WORKING DATA:
= Beginning of Section =
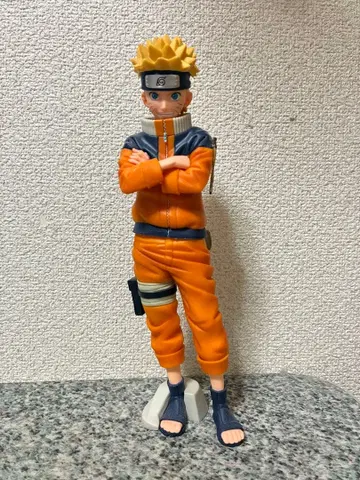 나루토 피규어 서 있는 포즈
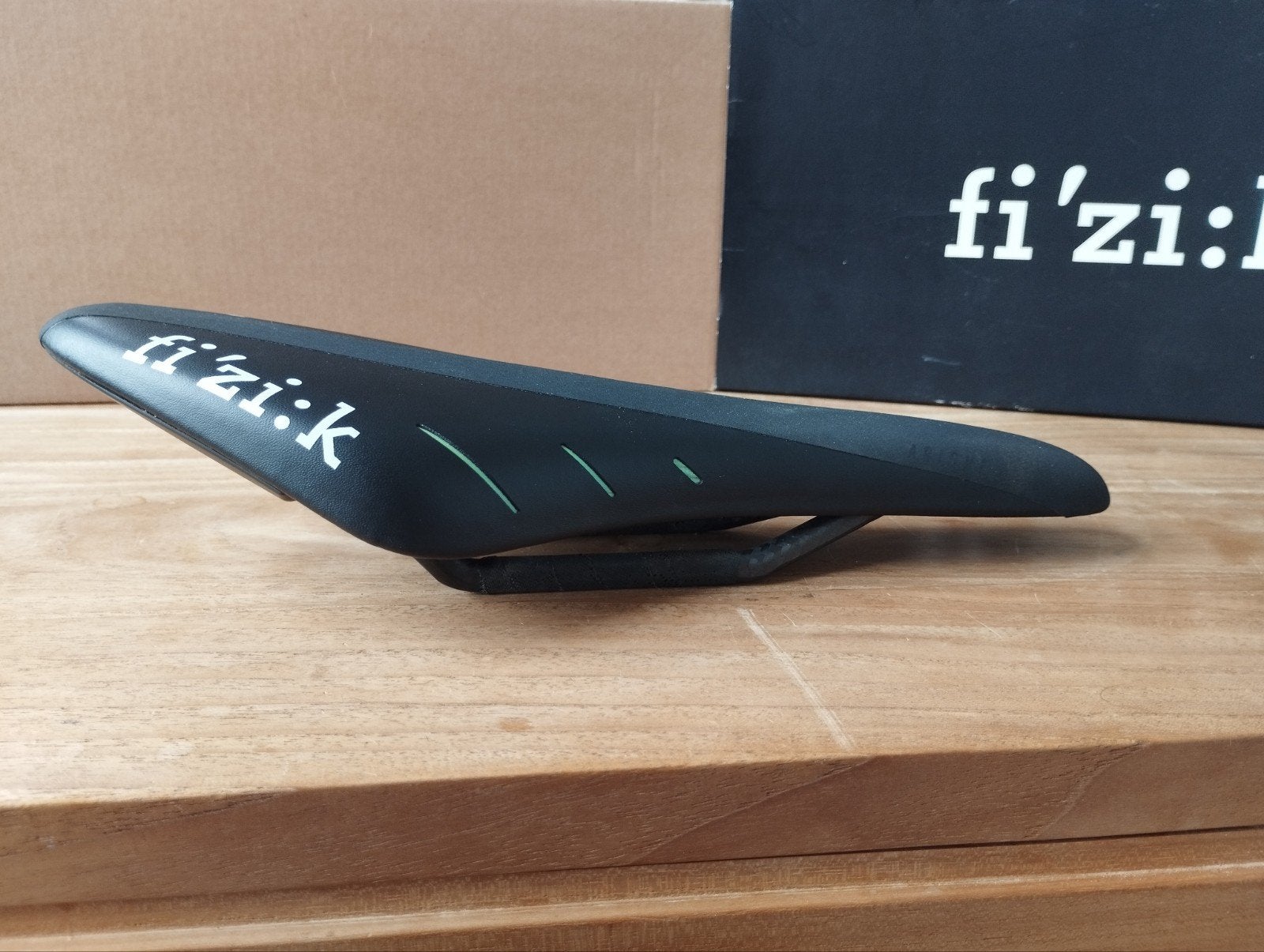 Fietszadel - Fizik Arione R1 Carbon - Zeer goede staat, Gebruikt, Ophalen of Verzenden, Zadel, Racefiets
= End of Section =
= Beginning of Section =
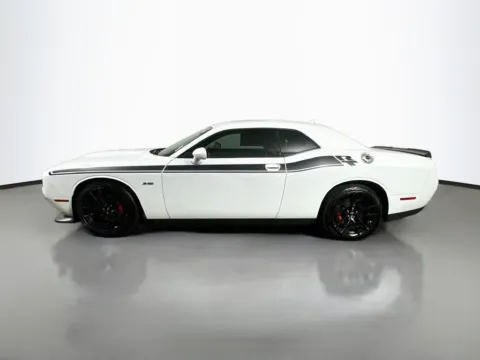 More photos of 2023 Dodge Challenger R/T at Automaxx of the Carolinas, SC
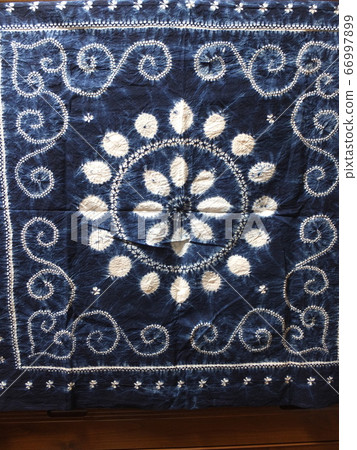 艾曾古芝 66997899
= End of Section =
ASSIGNED TASK: In the records above, copy exactly everything from the line that has "나루토 피규어 서 있는 포즈" down to the line that has "Fietszadel - Fizik", both ends included, and leave out the pictures.

ANSWER AREA:
 나루토 피규어 서 있는 포즈
 Fietszadel - Fizik Arione R1 Carbon - Zeer goede staat, Gebruikt, Ophalen of Verzenden, Zadel, Racefiets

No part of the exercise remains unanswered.